##### SOURCE RECORDS
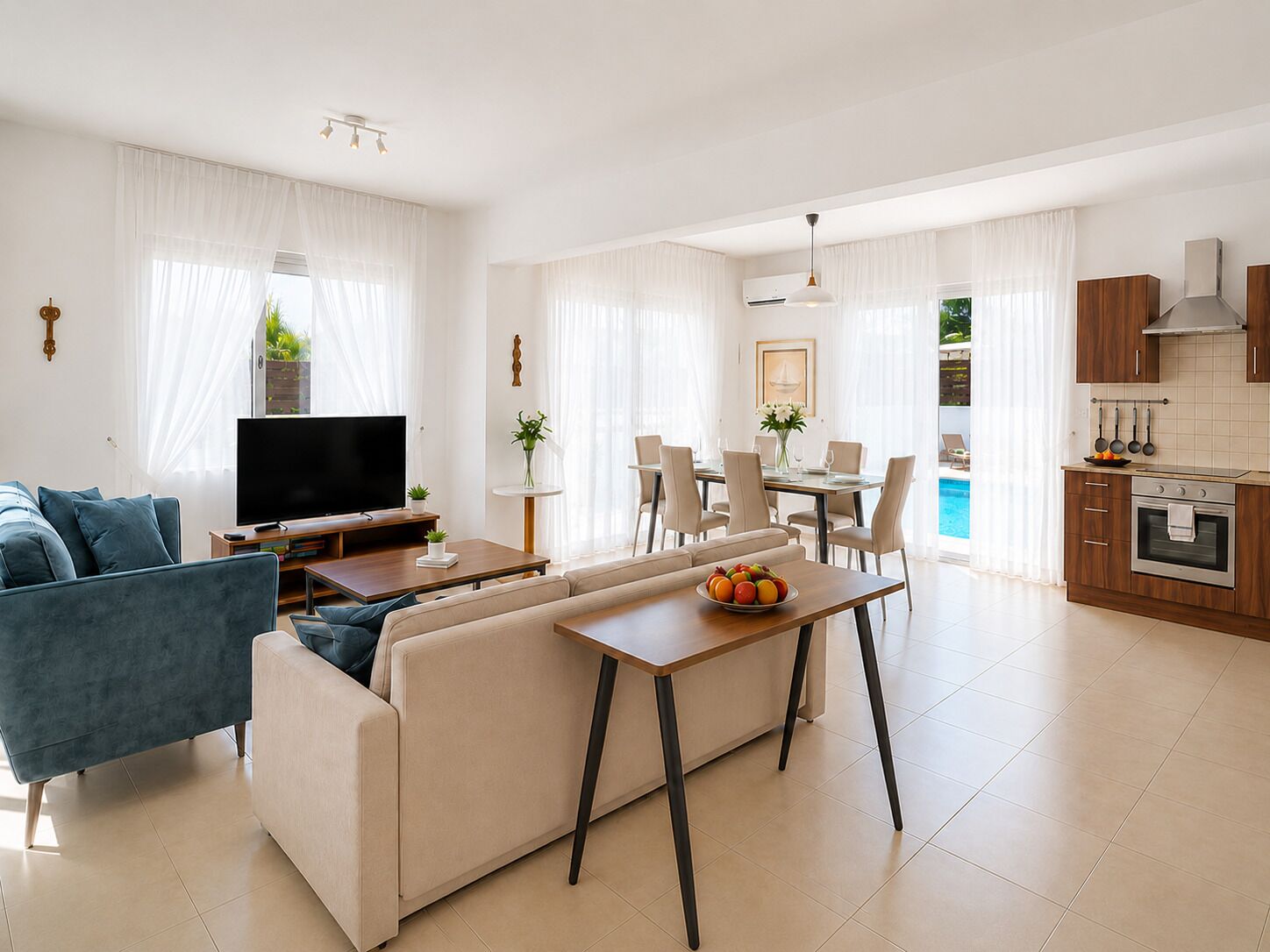 A modern living room with a sofa, TV, and dining area.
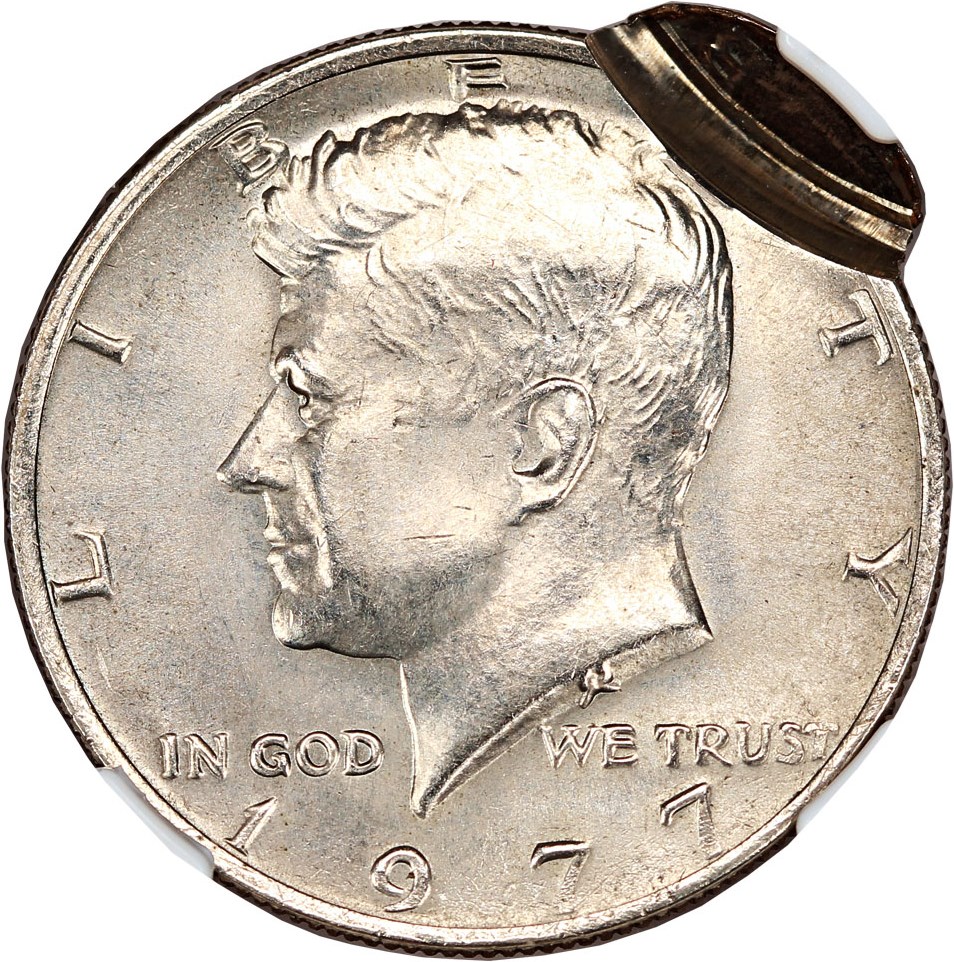 image for: Mint Error: 1977 50c NGC MS64 (Double Struck, 2nd Strike 90% Off Center with Uniface Reverse)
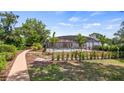 Screened-in pool and backyard featuring professional landscaping and walkway at 17825 Whisperwind Dr, Clermont, FL 34715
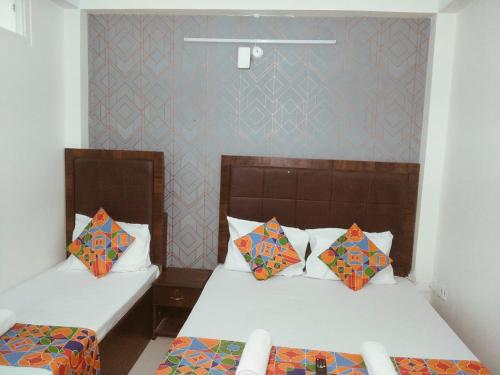 two beds in a small room with two beds sidx sidx sidx at Hotel Tirumala Vaibhav in Secunderabad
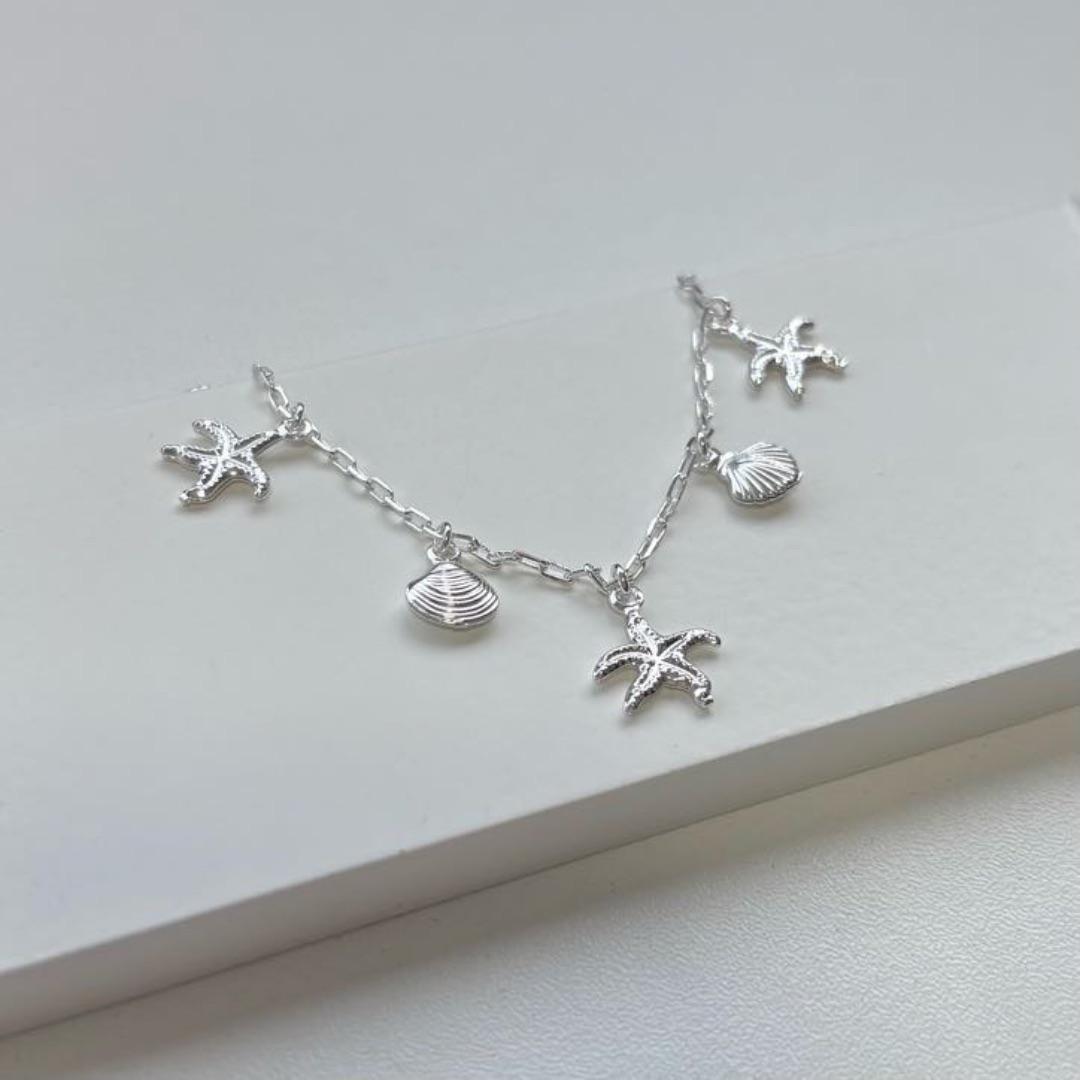Pulseira conchas e estrela do mar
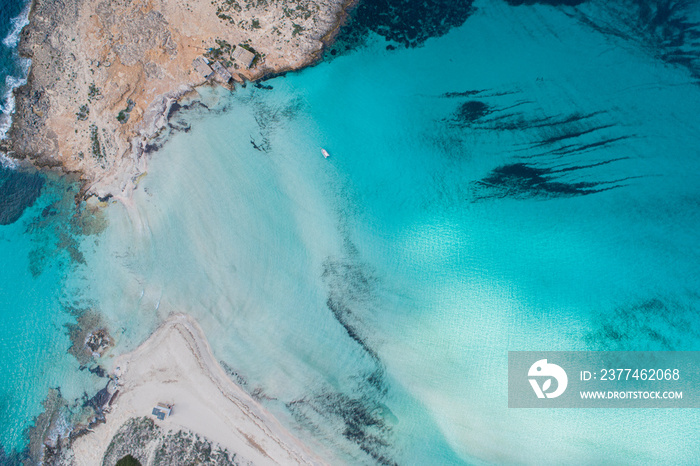 Best beach in Europe with turquoise waters with sand and rocks seen from the air with a drone.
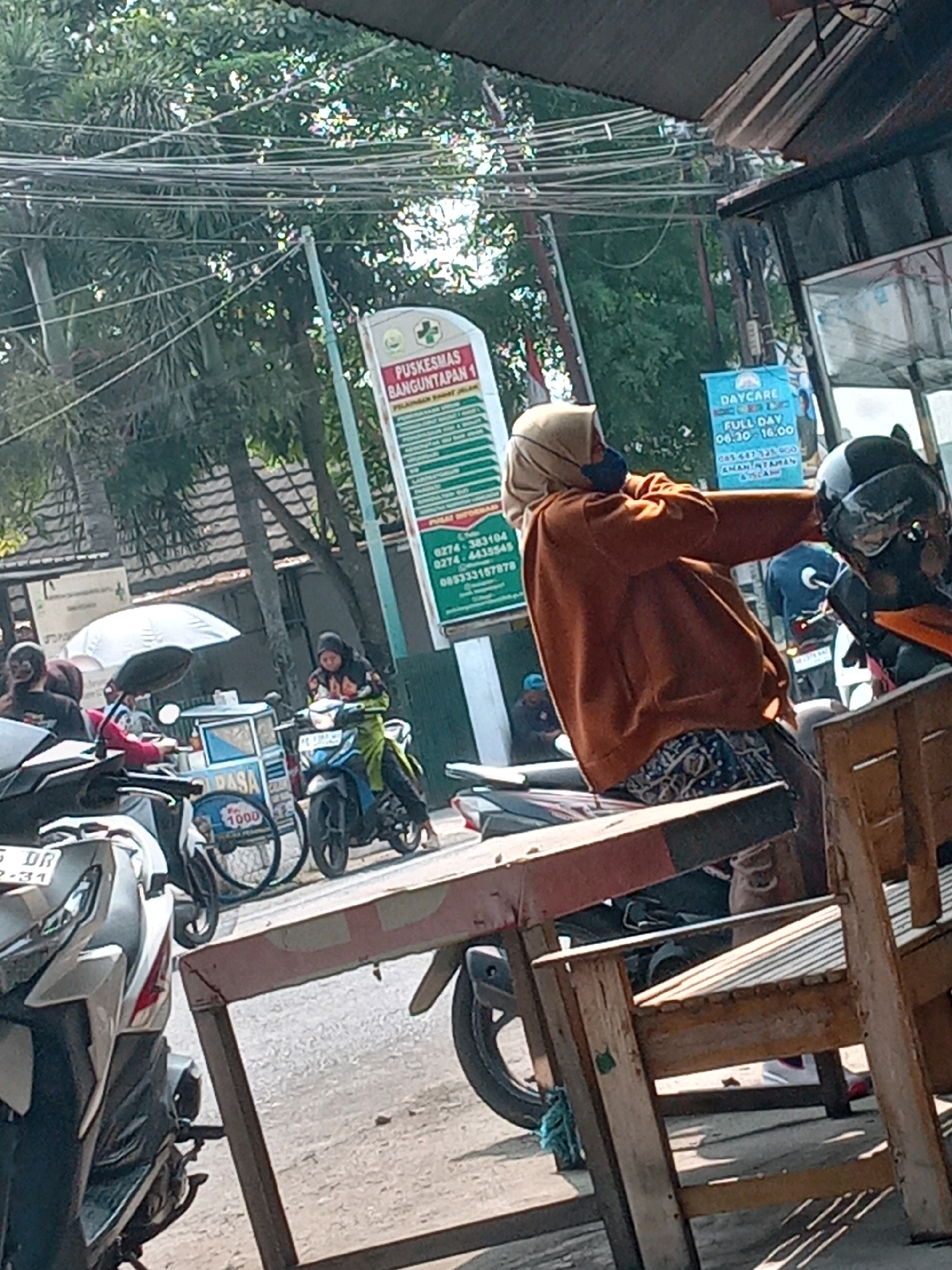 In Banguntapan, Indonesia, a street scene unfolds under bright sunlight. In the foreground, a person wearing a tan hijab and an orange sweatshirt is seated on a motorcycle, holding a helmet. The motorcycle has a black and white helmet on its seat. To the left, another person in a black shirt is on a motorcycle, and a small cart with the word "RASA" and "1000" is visible. In the background, a sign for "PUSKESMAS BANGUNTAPAN 1" (Health Center Banguntapan 1) is displayed along with another sign for "DAYCARE." Trees and power lines are overhead, and the ground appears to be paved. Other motorcycles and people are present in the scene, indicating a busy public area.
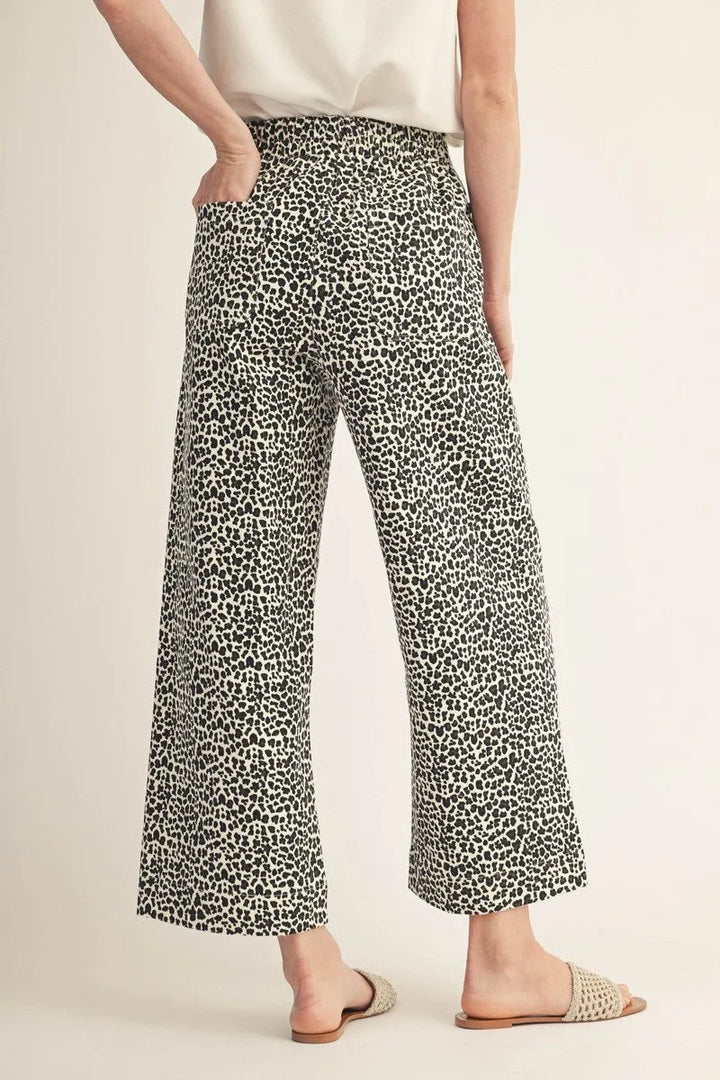 Ivory high-waisted jeans with black animal print, side pockets, and scalloped hem. Available in multiple sizes.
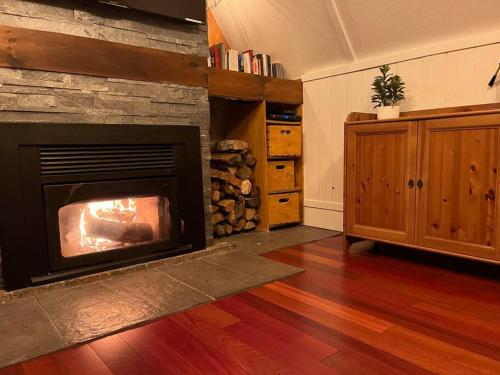 a living room with a fireplace and a wooden floor at Chalet tout inclus avec SPA près du Mont Orford in Orford
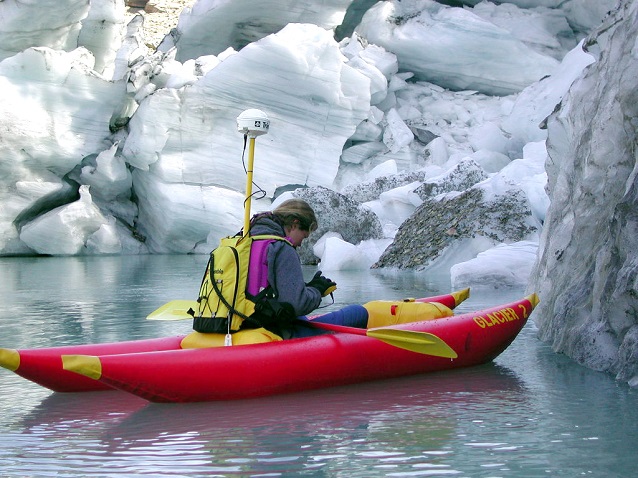 A scientist among the icebergs at the terminus of Grinnell Glacier (Glacier National Park, Montana) A scientist among the icebergs at the terminus of Grinnell Glacier (Glacier National Park, Montana)
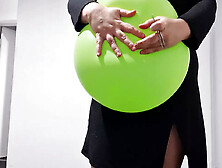 Women Popping Balloon With Pins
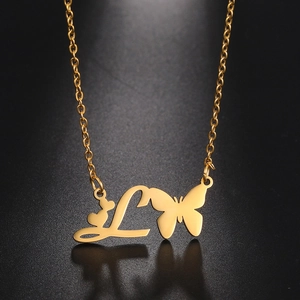 Detailed view of golden butterfly and letter L pendant necklace on black background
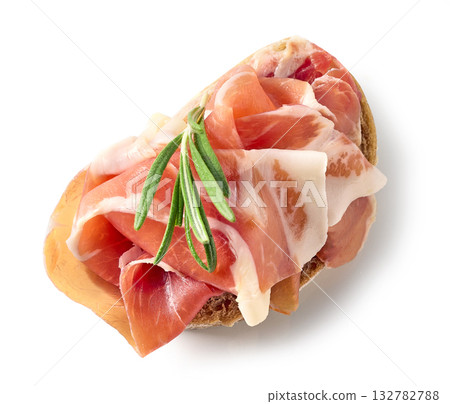 ciabatta bread slice with prosciutto meat isolated on white background ciabatta bread slice with prosciutto meat isolated on white background 132782788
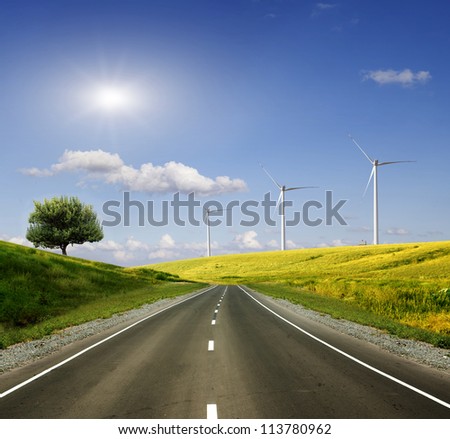 Rural road across the field to wind power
##########
• _EXERCISE DESCRIPTION_
The expected output is the full data above, reproduced exactly with no images.

• _SOLUTION TO THE PROBLEM_
 A modern living room with a sofa, TV, and dining area.
 image for: Mint Error: 1977 50c NGC MS64 (Double Struck, 2nd Strike 90% Off Center with Uniface Reverse)
 Screened-in pool and backyard featuring professional landscaping and walkway at 17825 Whisperwind Dr, Clermont, FL 34715
 two beds in a small room with two beds sidx sidx sidx at Hotel Tirumala Vaibhav in Secunderabad
Pulseira conchas e estrela do mar
 Best beach in Europe with turquoise waters with sand and rocks seen from the air with a drone.
 In Banguntapan, Indonesia, a street scene unfolds under bright sunlight. In the foreground, a person wearing a tan hijab and an orange sweatshirt is seated on a motorcycle, holding a helmet. The motorcycle has a black and white helmet on its seat. To the left, another person in a black shirt is on a motorcycle, and a small cart with the word "RASA" and "1000" is visible. In the background, a sign for "PUSKESMAS BANGUNTAPAN 1" (Health Center Banguntapan 1) is displayed along with another sign for "DAYCARE." Trees and power lines are overhead, and the ground appears to be paved. Other motorcycles and people are present in the scene, indicating a busy public area.
 Ivory high-waisted jeans with black animal print, side pockets, and scalloped hem. Available in multiple sizes.
 a living room with a fireplace and a wooden floor at Chalet tout inclus avec SPA près du Mont Orford in Orford
 A scientist among the icebergs at the terminus of Grinnell Glacier (Glacier National Park, Montana) A scientist among the icebergs at the terminus of Grinnell Glacier (Glacier National Park, Montana)
 Women Popping Balloon With Pins
 Detailed view of golden butterfly and letter L pendant necklace on black background
 ciabatta bread slice with prosciutto meat isolated on white background ciabatta bread slice with prosciutto meat isolated on white background 132782788
 Rural road across the field to wind power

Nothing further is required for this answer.